YOUR GOAL => Once you find the line that contains "Classic Leather Card Wallet -Espresso brown" in the entries below, give it again along with every following line, unchanged, through the final one.

Records from a dataset:
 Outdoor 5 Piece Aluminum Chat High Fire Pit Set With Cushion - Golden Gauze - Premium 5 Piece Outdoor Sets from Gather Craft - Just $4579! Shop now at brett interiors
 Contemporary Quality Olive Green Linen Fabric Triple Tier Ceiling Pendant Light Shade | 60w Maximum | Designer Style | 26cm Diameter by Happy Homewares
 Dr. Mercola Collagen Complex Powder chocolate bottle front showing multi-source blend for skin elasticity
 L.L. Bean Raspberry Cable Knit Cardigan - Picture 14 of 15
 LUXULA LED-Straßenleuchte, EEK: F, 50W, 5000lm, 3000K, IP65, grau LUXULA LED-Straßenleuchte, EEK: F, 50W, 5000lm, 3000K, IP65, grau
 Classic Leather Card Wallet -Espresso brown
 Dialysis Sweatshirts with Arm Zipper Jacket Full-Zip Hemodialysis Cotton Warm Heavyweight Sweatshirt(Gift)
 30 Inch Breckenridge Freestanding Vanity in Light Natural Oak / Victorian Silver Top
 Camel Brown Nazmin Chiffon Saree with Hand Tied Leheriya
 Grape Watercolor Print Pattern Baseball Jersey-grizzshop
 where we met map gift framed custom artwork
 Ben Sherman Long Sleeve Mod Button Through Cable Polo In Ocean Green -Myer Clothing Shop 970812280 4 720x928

WRITTEN ANSWER =>
 Classic Leather Card Wallet -Espresso brown
 Dialysis Sweatshirts with Arm Zipper Jacket Full-Zip Hemodialysis Cotton Warm Heavyweight Sweatshirt(Gift)
 30 Inch Breckenridge Freestanding Vanity in Light Natural Oak / Victorian Silver Top
 Camel Brown Nazmin Chiffon Saree with Hand Tied Leheriya
 Grape Watercolor Print Pattern Baseball Jersey-grizzshop
 where we met map gift framed custom artwork
 Ben Sherman Long Sleeve Mod Button Through Cable Polo In Ocean Green -Myer Clothing Shop 970812280 4 720x928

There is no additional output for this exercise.